The president’s remark to business leaders this week was polite, but pointed: “Ask yourselves what you can do for America.”
This advice echoed a point he made in his weekly radio and Internet address. Large corporations are holding immense amounts of cash on their balance sheets, slowing the recovery by hesitating to make investments.
Business has an obligation to invest for future prosperity, the president said in his weekly address, and eventually progress will be measured in job creation as well as profits.
“They should set up shop here and hire our workers and pay decent wages and invest in the future of this nation. That’s their obligation,” Obama said.

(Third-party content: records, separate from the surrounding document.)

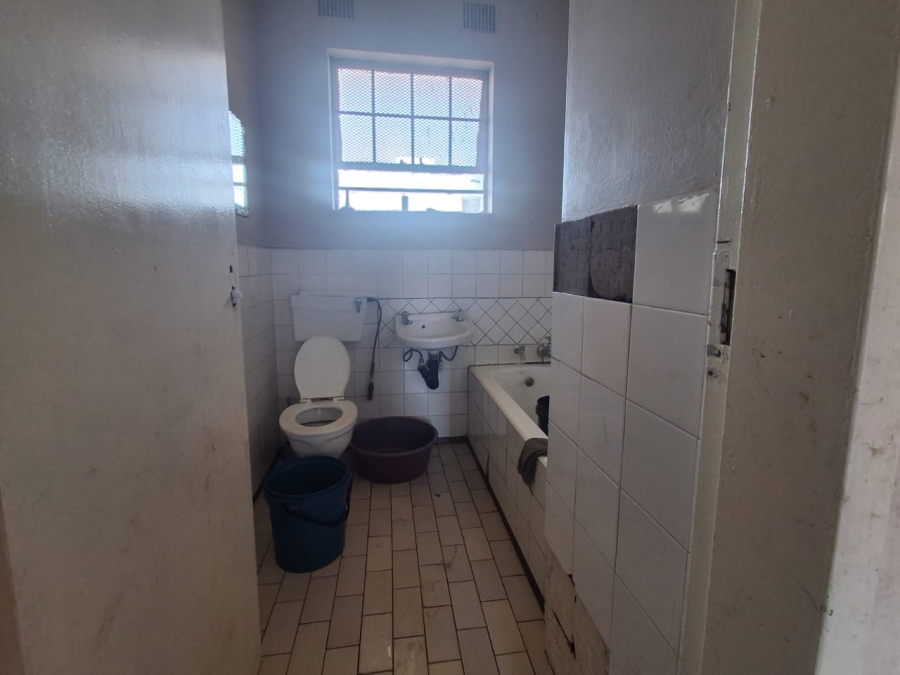 2 Bedroom Property for Sale in Germiston Central Gauteng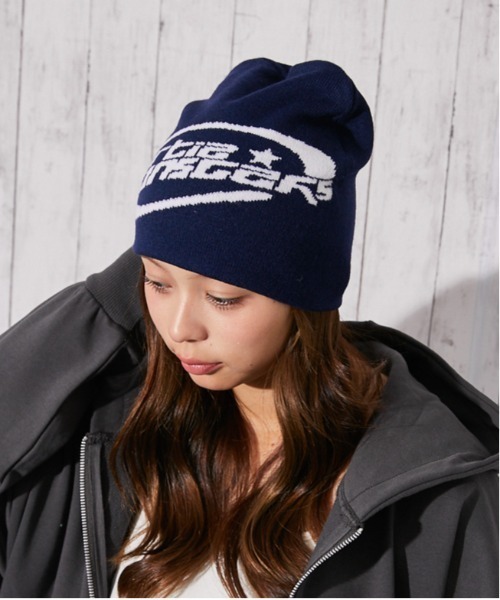 GORGE(ゴージ)の「《ロゴジャガード×ストリート》厚手ニットビーニー 秋冬◎(ニットキャップ/ビーニー・レディース・ネイビー/レッド/ブラック・F)」の2枚目の写真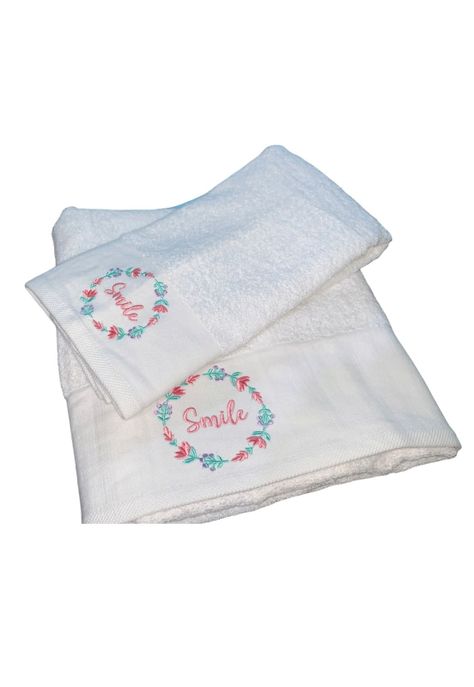 Set 2 Toallas Bordadas Mensaje Smile 500g -1
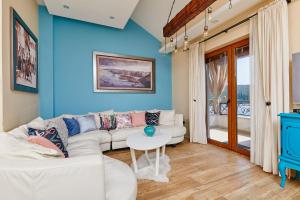 Beachfront Villa Adria - Happy Rentals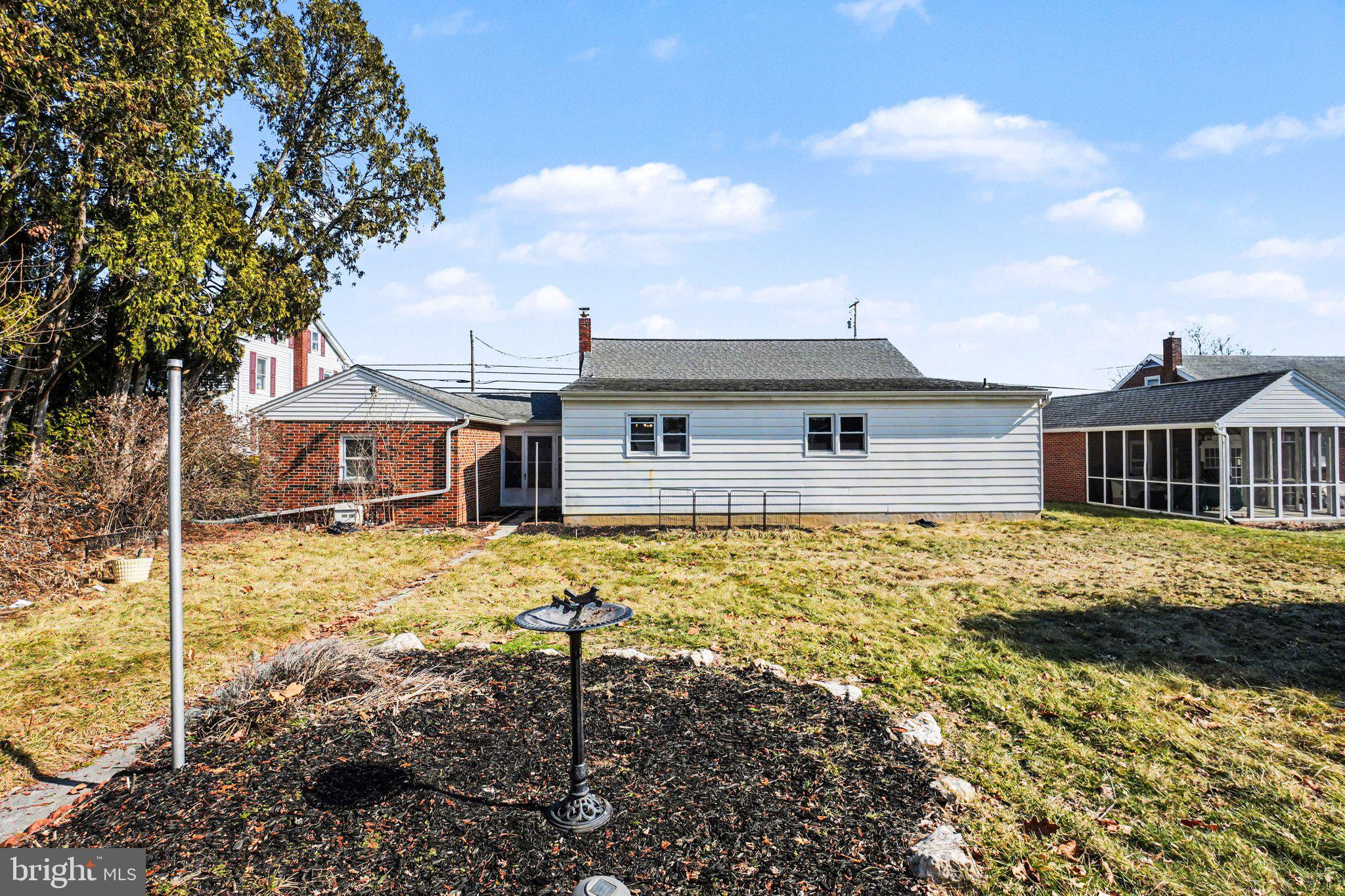 SOUTH LEBANON AREA - Residential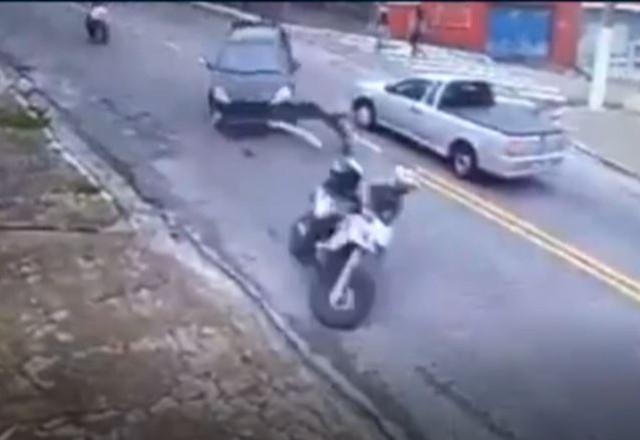Momento em que policiais a bordo de motocicleta colidem com veículo em acidente de trânsito em São Paulo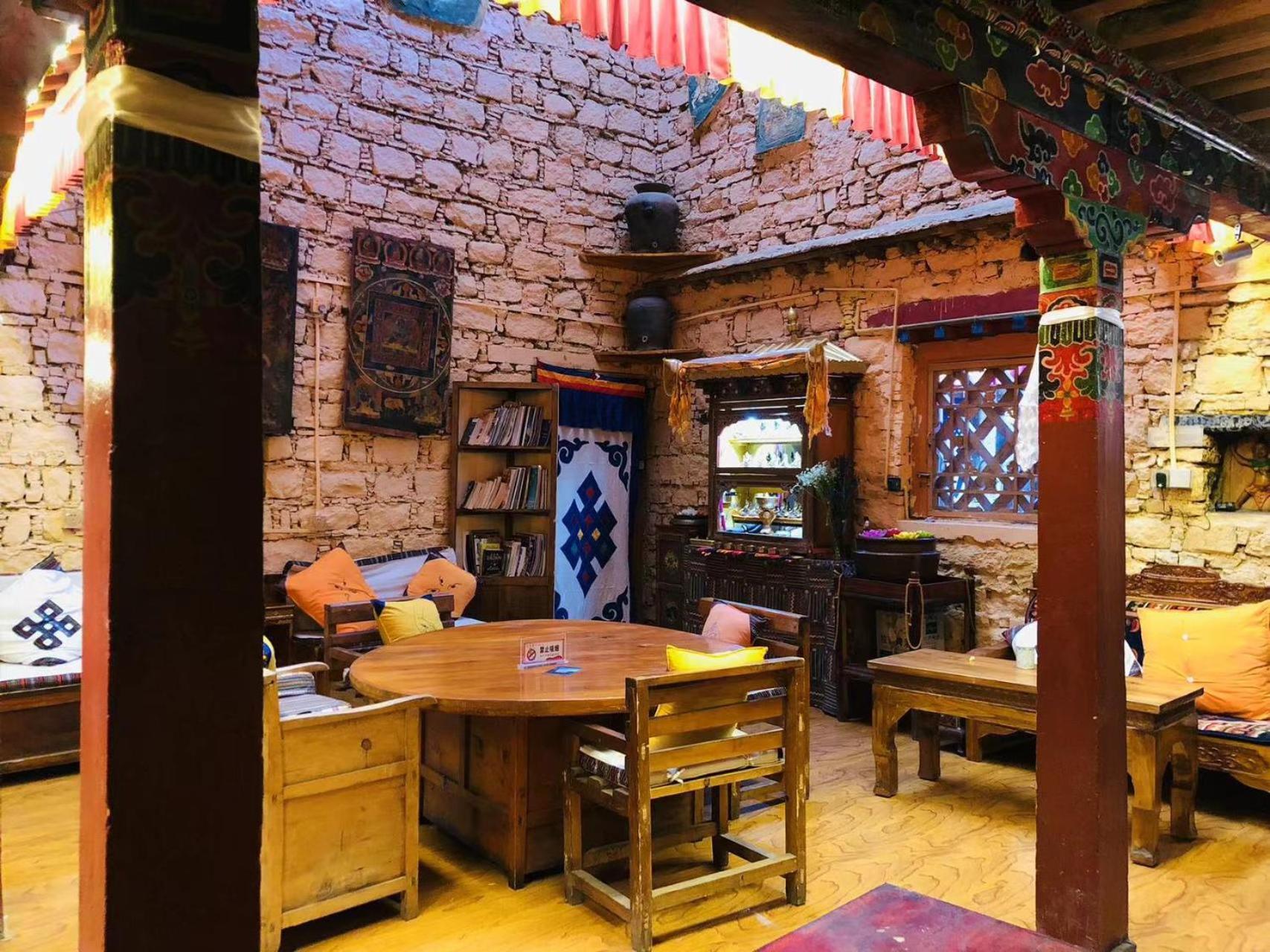 Shambhala Palace Hotel Lhasa Extérieur photo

That may already be happening. Unemployment fell sharply last month to 9 percent. Only two months ago, the unemployment rate was 9.8 percent, and the steep decline is just one of many signs that the economic recovery is taking hold.
Yet the job market can’t be called healthy. Although hourly wages were up slightly last month, the number of hours worked declined and major employers added a disappointingly small number of employees to their payrolls, according to the Bureau of Labor Statistics.
And today’s unemployment rate does not count the long-term unemployed. Millions of workers have essentially dropped out of sight during the recession. This hidden deficit will keep unemployment relatively high even as the economy recovers, as lost workers start looking for work again.
The president is right to portray this as an opportunity for business. The underutilized American workforce provides great capacity for production and profit, once corporate America decides to arise from its defensive crouch.